The Tea Party movement is not my cup of tea. All that bad history and hysteria is a real turn off. Still, I do find it amusing that its Senate primary upset in Delaware has presented the Republican party with a Christian fundamentalist who was once a practicing pagan, or dabbling witch, if you prefer. It harkens back to the wrong century for the Tea Party, but instructive nonetheless.
Some of my best friends are neo-pagan witches. I wonder whether Christine O'Donnell ever hung with Niszsa Zeron and the Waters of the Brandywine Grove of Reformed Druids in Newark back in the late 1980s. Maybe we shared a horn cup of single malt (hell of a good sacrament) at the Solstice fire back in the day when I dabbled in druidism. [Damn. How did that slip out? Now I will never get to be a Tea Party candidate for national office. Bummer.]
I would think better of her if she had been dancing at Lughnasa in her teens, rather than playing Stairway to Heaven backwards on her turntable, her subsequent conversion to right wing conservative Christian notwithstanding.
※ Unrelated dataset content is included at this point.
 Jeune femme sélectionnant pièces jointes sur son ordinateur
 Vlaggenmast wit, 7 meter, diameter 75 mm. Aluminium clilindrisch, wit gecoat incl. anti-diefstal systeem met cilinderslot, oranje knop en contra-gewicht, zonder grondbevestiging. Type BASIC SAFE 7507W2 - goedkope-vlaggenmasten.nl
There is an ancient tradition of pagans turning to the Cross (although not always willingly). This is nothing for her less tolerant fundamentalist backers to get their hair shirts in a bunch over.
I say, "An' it harm none, do as thou wilt." Don't call it a youthful indiscretion. Who among us is without sin or skulls on our bookcases skeletons in our closets?
And pass the single malt, witch. Much better than tea. Should have called it the Whiskey Rebellion. I could get behind that.